ML Workloads on HPC Systems
- ML Workloads on HPC Systems are dynamic, data-intensive tasks that integrate ML into scientific simulations and deep-learning model training.
- They leverage containerization, elastic resource management, and specialized accelerators to overcome traditional HPC limitations.
- They require advanced orchestration, robust monitoring, and adaptive scheduling to ensure optimal performance and operational efficiency.
Machine learning (ML) workloads have become an integral part of high-performance computing (HPC) environments, fundamentally altering system design, resource allocation, software infrastructure, data management strategies, and operational practices. The rise of ML within HPC has led to the development and adoption of new frameworks, benchmarks, and workflow orchestration systems, prompted changes in computing and storage architectures, and necessitated improvements in observability, robustness, and user accessibility.
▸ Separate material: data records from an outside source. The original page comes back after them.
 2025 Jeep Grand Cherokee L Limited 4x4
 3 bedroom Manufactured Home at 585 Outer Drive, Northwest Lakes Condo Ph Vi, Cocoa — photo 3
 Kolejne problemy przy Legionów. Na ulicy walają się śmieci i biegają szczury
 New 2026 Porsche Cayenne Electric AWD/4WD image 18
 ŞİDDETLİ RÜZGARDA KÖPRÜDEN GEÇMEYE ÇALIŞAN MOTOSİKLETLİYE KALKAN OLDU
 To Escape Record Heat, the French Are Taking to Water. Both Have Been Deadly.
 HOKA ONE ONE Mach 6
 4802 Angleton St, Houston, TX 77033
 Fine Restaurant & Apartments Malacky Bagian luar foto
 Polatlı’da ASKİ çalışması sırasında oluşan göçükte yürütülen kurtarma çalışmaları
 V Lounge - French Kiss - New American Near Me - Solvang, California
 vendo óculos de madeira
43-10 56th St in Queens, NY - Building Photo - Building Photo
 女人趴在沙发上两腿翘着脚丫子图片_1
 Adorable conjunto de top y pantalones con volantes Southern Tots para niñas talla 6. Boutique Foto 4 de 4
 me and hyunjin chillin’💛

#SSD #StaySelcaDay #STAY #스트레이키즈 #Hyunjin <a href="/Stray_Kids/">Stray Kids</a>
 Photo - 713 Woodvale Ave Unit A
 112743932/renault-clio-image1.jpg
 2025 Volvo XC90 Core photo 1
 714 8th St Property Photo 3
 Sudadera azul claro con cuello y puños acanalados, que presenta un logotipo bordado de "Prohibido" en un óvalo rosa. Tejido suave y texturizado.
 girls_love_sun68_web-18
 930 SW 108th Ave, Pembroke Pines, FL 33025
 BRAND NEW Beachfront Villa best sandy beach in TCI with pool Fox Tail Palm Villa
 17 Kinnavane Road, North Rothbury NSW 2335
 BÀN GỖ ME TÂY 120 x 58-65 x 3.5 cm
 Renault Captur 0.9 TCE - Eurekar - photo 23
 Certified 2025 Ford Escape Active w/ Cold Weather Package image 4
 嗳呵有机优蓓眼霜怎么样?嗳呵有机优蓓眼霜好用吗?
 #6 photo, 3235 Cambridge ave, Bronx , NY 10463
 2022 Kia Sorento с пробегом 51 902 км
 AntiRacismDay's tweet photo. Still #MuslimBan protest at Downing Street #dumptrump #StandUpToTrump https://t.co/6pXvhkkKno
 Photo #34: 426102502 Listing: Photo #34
1. Evolution and Definition of ML Workloads on HPC Systems
ML workloads on HPC systems encompass a spectrum ranging from training deep learning models on massive scientific datasets to integrating ML modules within simulation workflows for tasks like surrogate modeling, adaptive sampling, and automated data analysis. Unlike traditional simulation codes—which typically execute in batch, rely on large sequential file I/O, and demand rigid job scheduling—ML workloads exhibit requirements for fast iterative prototyping, dynamic resource usage, higher rates of short and interactive jobs, as well as diverse support for containerized and service-oriented applications (2108.02037, 2507.01880). This evolution compels the adaptation of classical HPC centers, which were optimized for tightly-coupled, long-running applications, to now support the flexible, dynamic, and data-intensive nature of ML.
The heterogeneity of ML workloads is further reflected in the need for specialized accelerators (GPUs, IPUs, CS-2, etc.), multi-modal data ingestion and storage pathways, and the integration of cloud-native orchestration solutions (e.g., Kubernetes), even within traditional supercomputing environments (2404.10536, 2507.01880).
2. Infrastructure, Resource Management, and Containerization
The deployment of ML workloads on large-scale HPC facilities faces several technical challenges relating to resource management, environment consistency, and performance isolation. Solutions include:
- Container Environments and User Abstraction Container-based user environments enable ML practitioners to operate within familiar ecosystems while abstracting away HPC-specific details (2507.01880). For example, a Container Engine using an Environment Definition File (EDF) allows specification of images, volumes, working directories, and SSH settings in a portable, declarative syntax.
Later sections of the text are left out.